Abstract:This paper is the result of mineral exploration engineering.
[Objective]The Central African copper-cobalt metallogenic belt which straddles the border area between the Democratic Republic of the Congo (DRC) and Zambia, is the world's most famous sediment-hosted stratabound copper-cobalt metallogenic belt. It is the world's third-largest copper and first-largest cobalt producer, but its mineralization pattern and potential are still unclear. [Methods]In this paper, the geological setting, tectonic evolution and mineralization, temporal-spatial distribution rules of deposits, deposit models of the Central African copper-cobalt metallogenic belt were studied. 32 copper (cobalt) prospective areas were delineated by applying the fuzzy weight of evidence method with stratigraphic, tectonic, geochemical, remote sensing alteration and other geological elements that are closely related to mineralization.

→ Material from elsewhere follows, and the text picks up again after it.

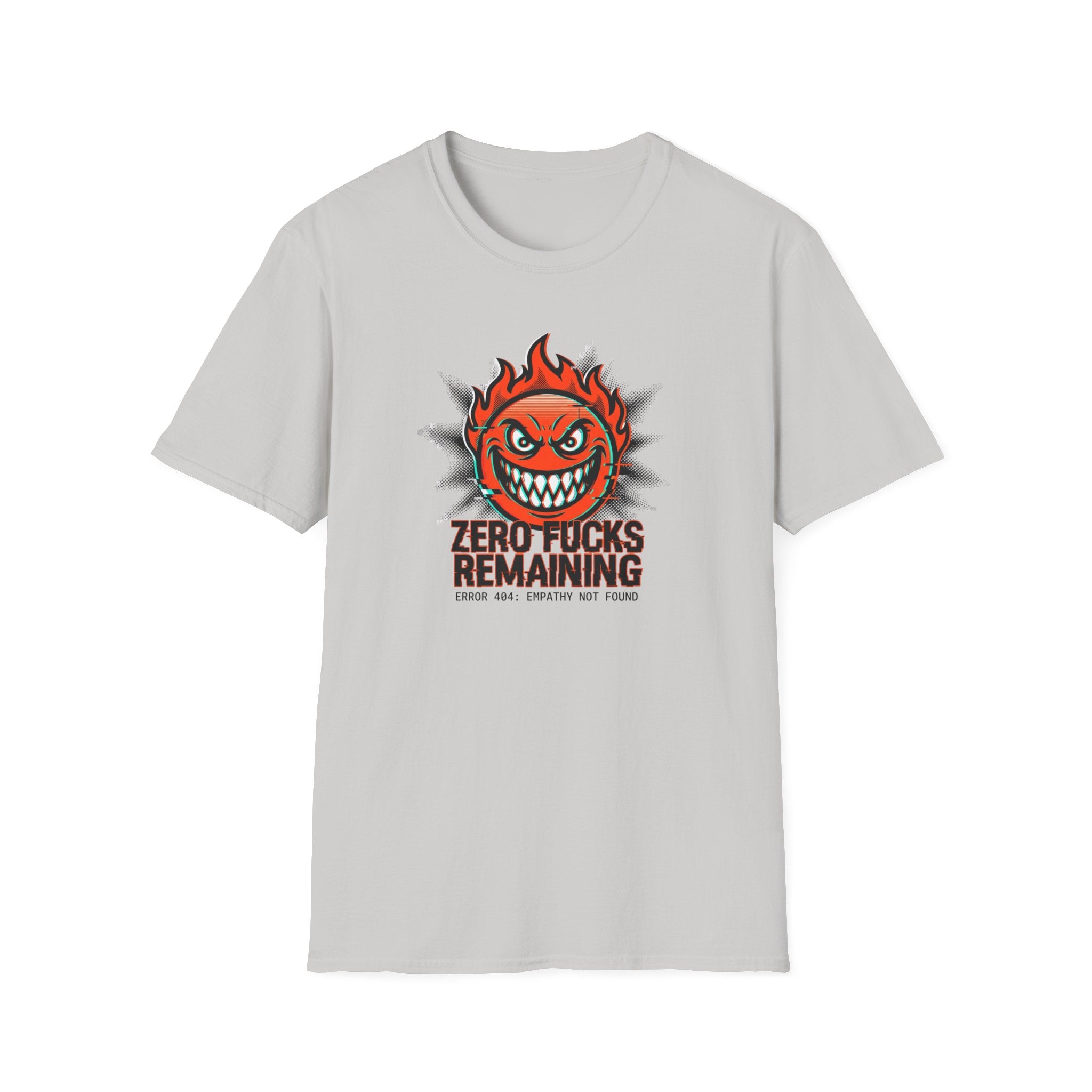 Zero Fucks Remaining T-Shirt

The number of undiscovered deposits in each prospective area was calculated based on the posterior probability of mineralization at different probabilities. [Results]Monte Carlo simulation combined with the tonnage-grade model indicate that the average undiscovered copper resource in this area is estimated to be 288 million tons and the average cobalt resource is estimated to be 19.92 million tons, respectively. [Conclusions]The complex evolutionary history of the Central African copper and cobalt metallogenic belt has resulted in the superposition of multiple metallogenic interactions such as sedimentary mineralization, hydrothermal mineralization and epigenetic enrichment in this region, with copper (cobalt) mineralization running through the evolution of the belt and mineralization closely related to stratigraphy and tectonics. In particular, the Likasi-Kolwezi area of the Democratic Republic of the Congo may have good prospects for mineralization.
Highlights: copper-cobalt mineralization in the Central African copper-cobalt metallogenic belt is closely related to stratigraphy and tectonics; the copper- cobalt resource potential is quantified using the fuzzy weight of evidence method and Monte Carlo simulation.